Лёшка – двоюродный брат молодого, ждал их, конечно.
Они вышли опять на песчаную дорожку, двинулись, и молодой сказал:
-А вот, Валь, что порукою, что наша воля…
Сзади раздался резкий крик:
-Мужики!
Оба обернулись.
Мускулистый кобёл, явно из местных, ибо помимо дачных участков, тут были и различные стационарные дома, бежал к ним.
Оба замерли.
Он протягивал руку, в ней тускло отливала монетка.
-Держите, мужики, пятьдесят копеек.
-Спасибо, — сказал Саша, чувствуя горячую волну.
Валентин достал все деньги, и Сашка быстро, по-спартански (хотя, кто их знает, как пили они – но – поговорим с Валентином), сбегал, взял поллитра.
Они идут вновь по дороге, чей разбитый по краям асфальт редко видит машины, они идут по центру, не боясь быть сбитыми – и центр этот сияет масляно, они идут, куря, и Сашка размахивает добытой (будто золото гвинейское!) бутылкой, они говорят о специфике русского существования, и Валентин, цитируя хрестоматийного Тютчева, добавляет:
-Всё же, Александр Львович, тут нужны коррективы.
Июльское солнце разворачивается невиданным цветком, испуская на мир калужского Правобережья, столько разнообразного света, что радуга в сравнении с ним будет казаться тяжёлым, мрачным Гобсеком.
ЖИЗНЬ ДАЧНАЯ
Вода в эмалированных вёдрах играет глубокой, прозрачной синевой, и точно пружинит от детских шагов, расходясь упругими кругами.
Ходили на колонку, пролезали в пролом в заборе заброшенного участка, нравилось нажимать на тугой рычаг колонки, смотреть, как мощным потоком хлещет вода, пузырясь…
Дачные массивы – как целая летняя страна, и многие дети проводили часть долгих каникул здесь, бесконечно играя, чуть помогая взрослым.
Поливать огород – и поливаться самим, прыгая в изломах драгоценных радуг: вот оно счастье.
Цикады, или кузнечики дребезжат в стенах малинника.
-Эдь, одолжи пилу.
-Заходи.
-Сейчас мальчишка мой забежит.

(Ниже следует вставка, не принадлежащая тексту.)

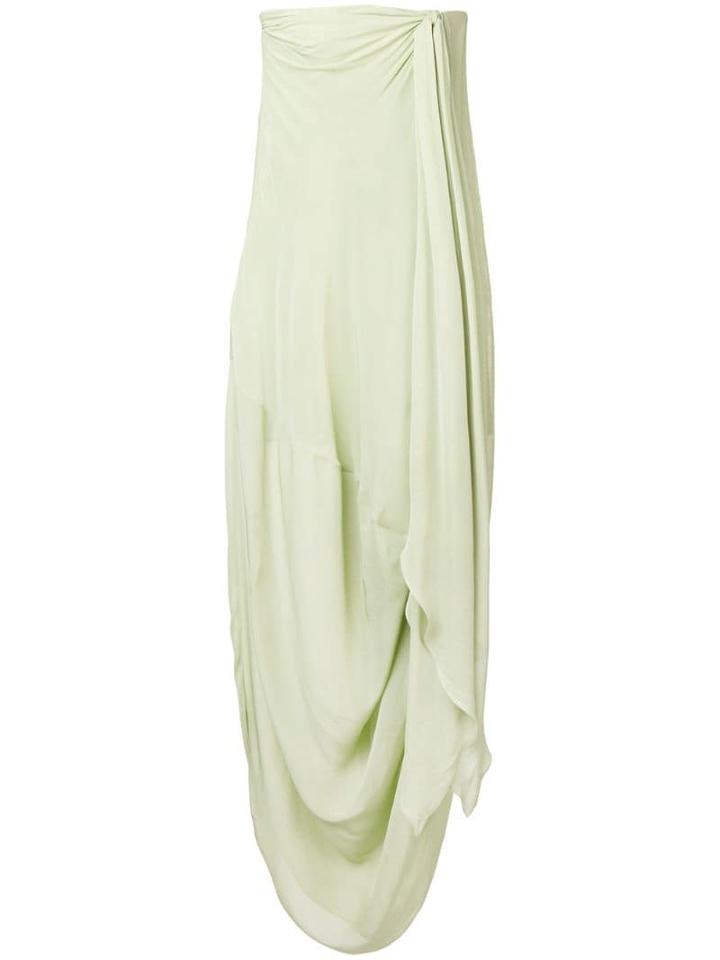 Jacquemus Draped Strapless Dress - Green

Вечером придёшь париться?
-А то. За пивом сходить надо.
Рубятся дрова – чурбак велик, чурки ставятся на него, и – удар: разлетаются щепки, откалываются куски.
Топить печь, жадно пожирающую древесную пищу; готовить в печи щи – совсем не такой вкус, как на газу.
-Знаешь, даже простая варёная картошка из печки имеет иные вкусовые качества.
Обедать на свежем воздухе.
Огурцы, помидоры – из парников: огромных, издали похожих на закрытые бассейны.
Редис, репка, салат, курчавая петрушка, великолепные стрелы лука…
Дым валит от только что сваренной картошки.
-Ну, ребята, молодцы, сколь карасей наловили.
Они довольны – всё утро сидели на пруду, гладко отливавшим чернотой, и дёргали золотистых, плотных – вот они зажарены теперь, хрустят, вкусные.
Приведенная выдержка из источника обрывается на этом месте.